----- Source records -----

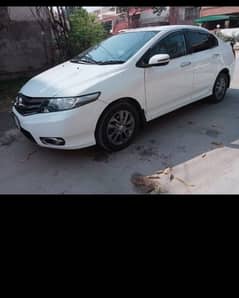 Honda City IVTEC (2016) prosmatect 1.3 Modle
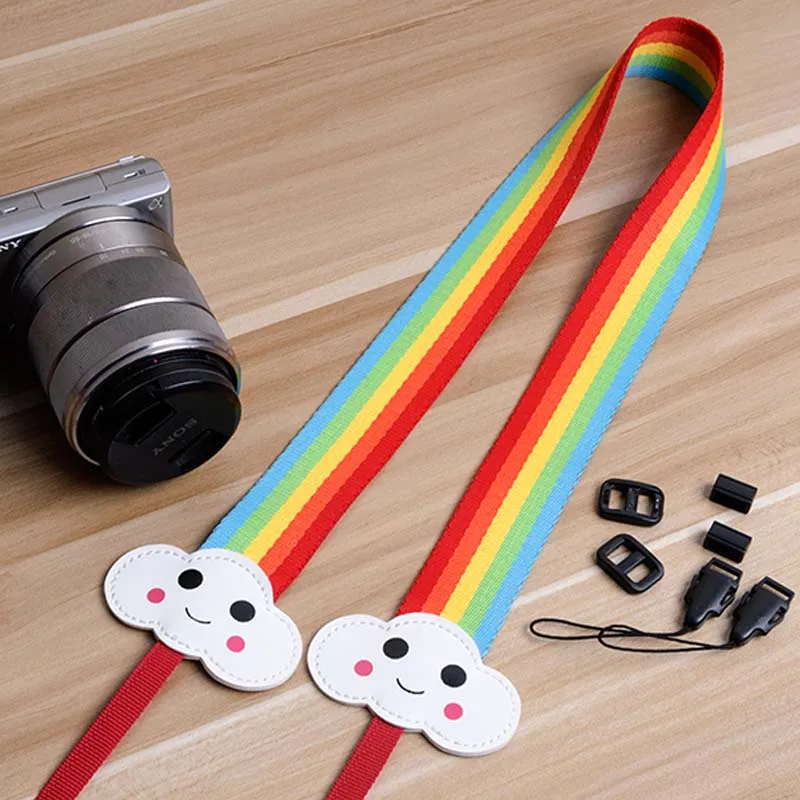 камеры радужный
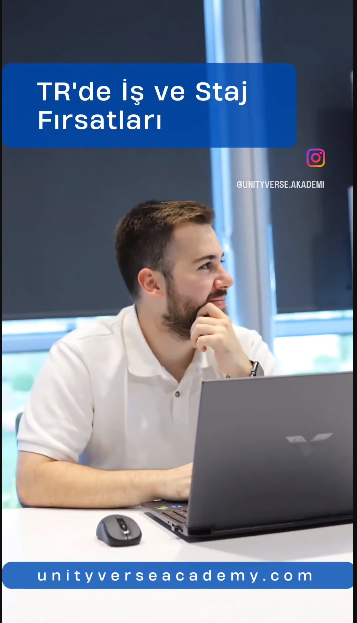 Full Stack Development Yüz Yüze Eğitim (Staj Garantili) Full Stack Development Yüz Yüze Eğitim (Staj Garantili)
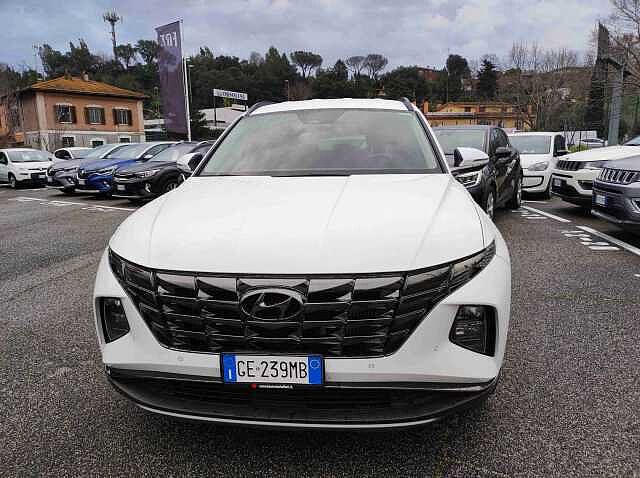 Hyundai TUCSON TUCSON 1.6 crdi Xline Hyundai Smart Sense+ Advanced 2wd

-----
----- Source records -----

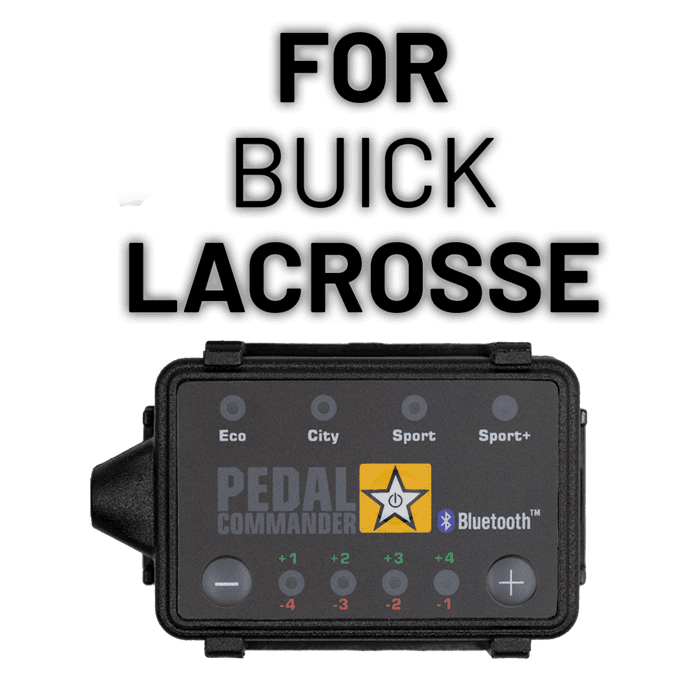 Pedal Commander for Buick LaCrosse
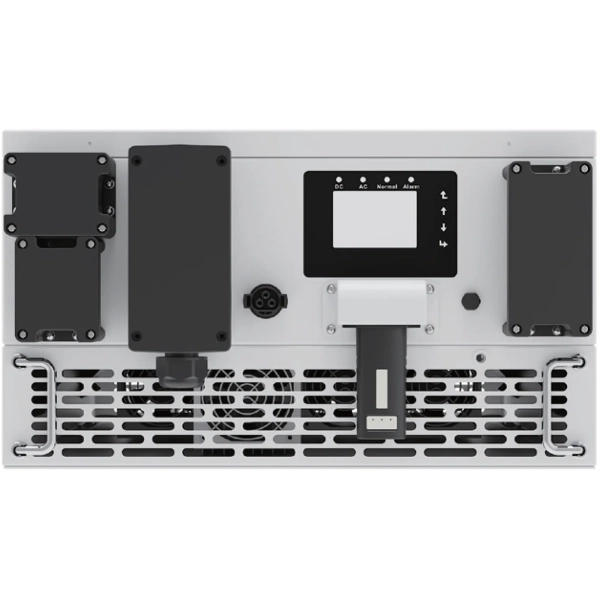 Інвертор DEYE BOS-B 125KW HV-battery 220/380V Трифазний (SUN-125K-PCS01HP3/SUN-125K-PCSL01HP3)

-----

Only the lines above from the one containing "Honda City IVTEC (2016) prosmatect 1.3 Modle" through the one containing "Hyundai TUCSON TUCSON" should be returned, verbatim and inclusive, with pictures excluded.

 Honda City IVTEC (2016) prosmatect 1.3 Modle
 камеры радужный
 Full Stack Development Yüz Yüze Eğitim (Staj Garantili) Full Stack Development Yüz Yüze Eğitim (Staj Garantili)
 Hyundai TUCSON TUCSON 1.6 crdi Xline Hyundai Smart Sense+ Advanced 2wd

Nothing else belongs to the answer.